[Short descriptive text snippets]
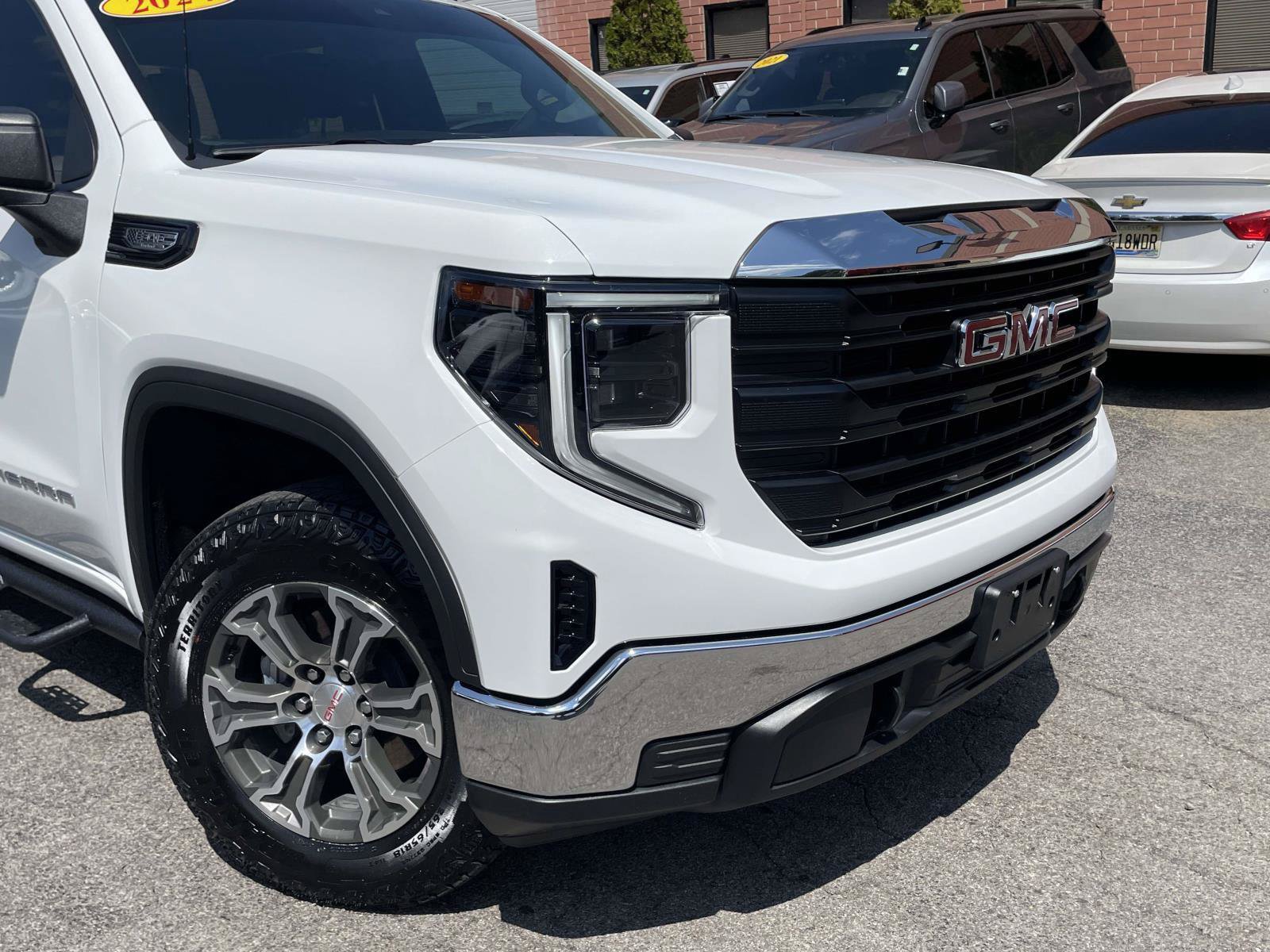 Used 2024 GMC Sierra 1500 Pro w/ X31 Off-Road Package AWD/4WD image 26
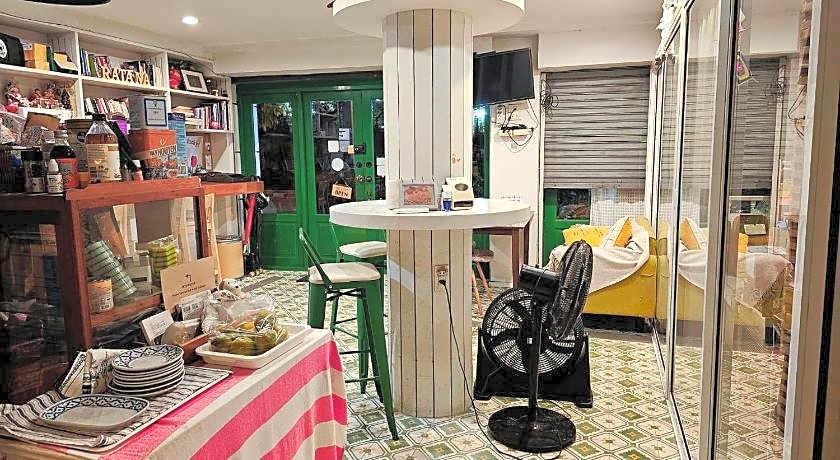 Ratana Boutique Hostel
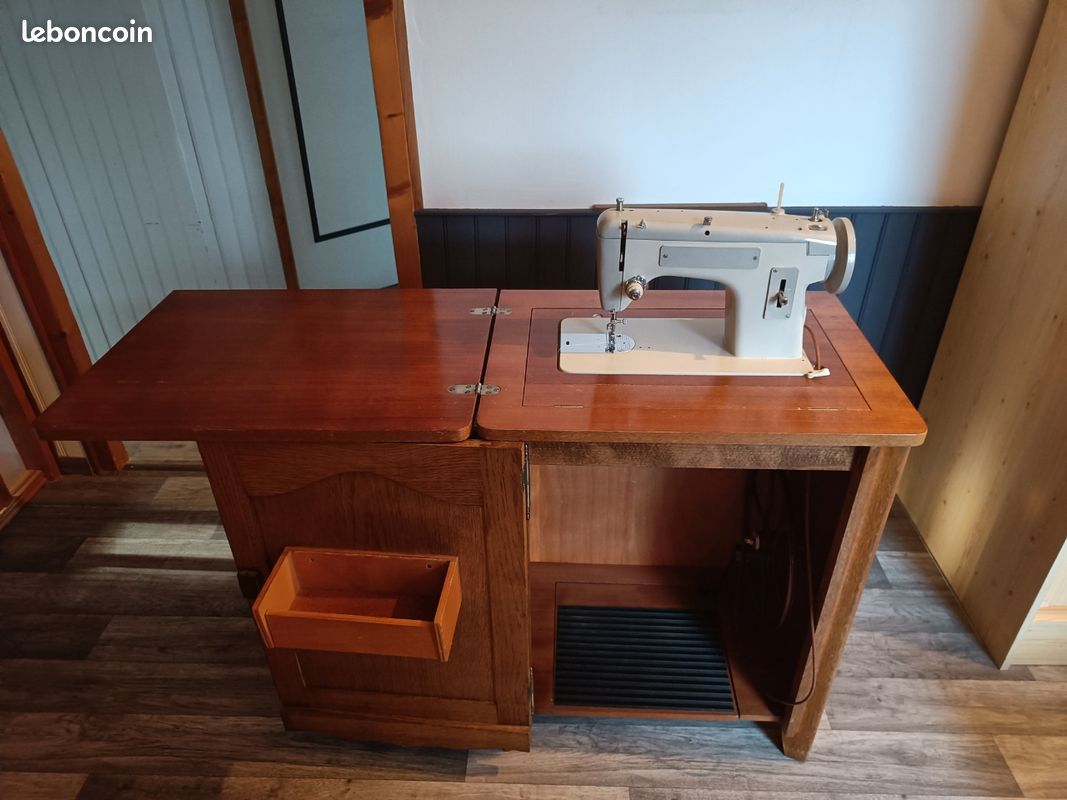 Machine à coudre mécanique 1968 (image 1)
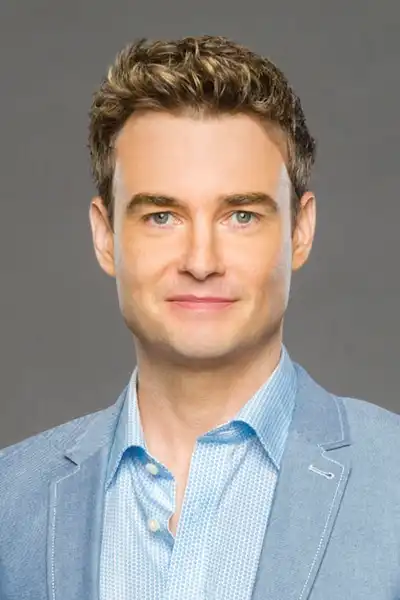 Robin Dunne headshot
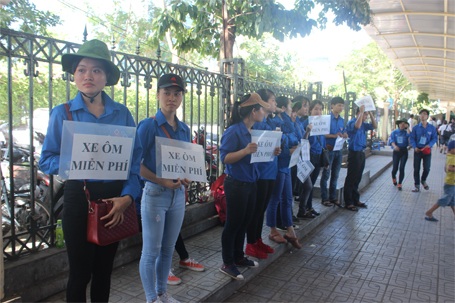 Hàng ngàn người "xả thân" đội nắng giúp đỡ thí sinh dự thi - 12 Đội quân tình nguyện luôn nhiệt tình tư vấn, giúp đỡ thí sinh và người nhà...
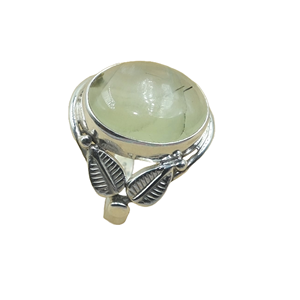 Bague en argent avec pierre précieuse naturelle Prehnite, design feuille fait main, large, style vintage, bijou de guérison, cadeau pour femmes et hommes - Product Image 1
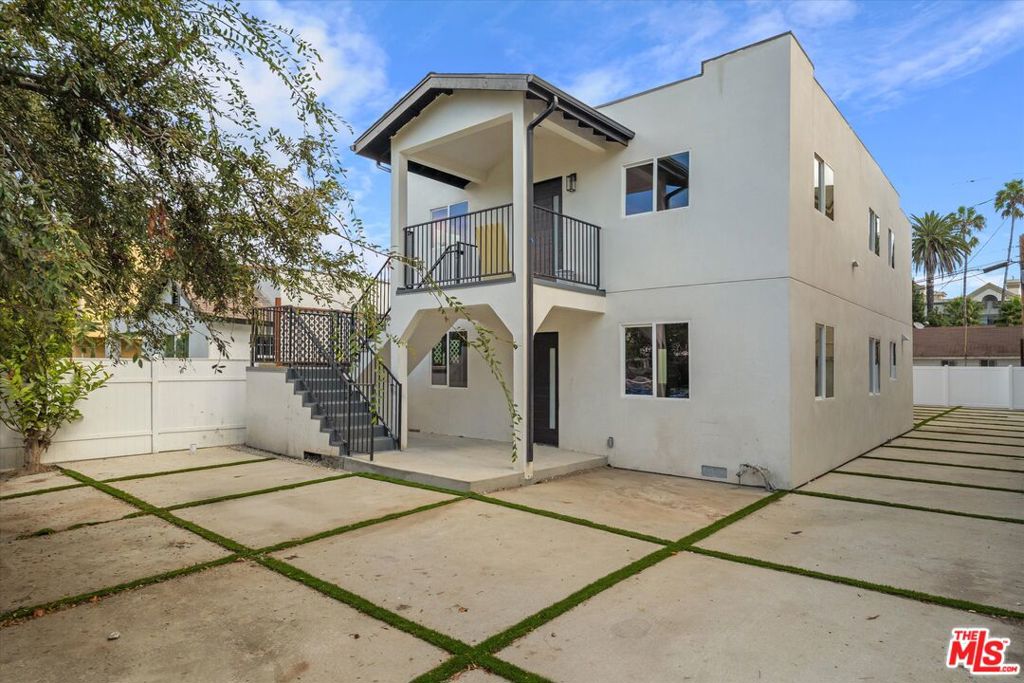 3752 Veteran Avenue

*TASK TO CARRY OUT*: The lines to restate word for word run from the line that contains "Robin Dunne headshot" through the end of the entries above, both ends included. Leave out all pictures and write nothing else.

*WRITTEN ANSWER*:
 Robin Dunne headshot
 Hàng ngàn người "xả thân" đội nắng giúp đỡ thí sinh dự thi - 12 Đội quân tình nguyện luôn nhiệt tình tư vấn, giúp đỡ thí sinh và người nhà...
 Bague en argent avec pierre précieuse naturelle Prehnite, design feuille fait main, large, style vintage, bijou de guérison, cadeau pour femmes et hommes - Product Image 1
 3752 Veteran Avenue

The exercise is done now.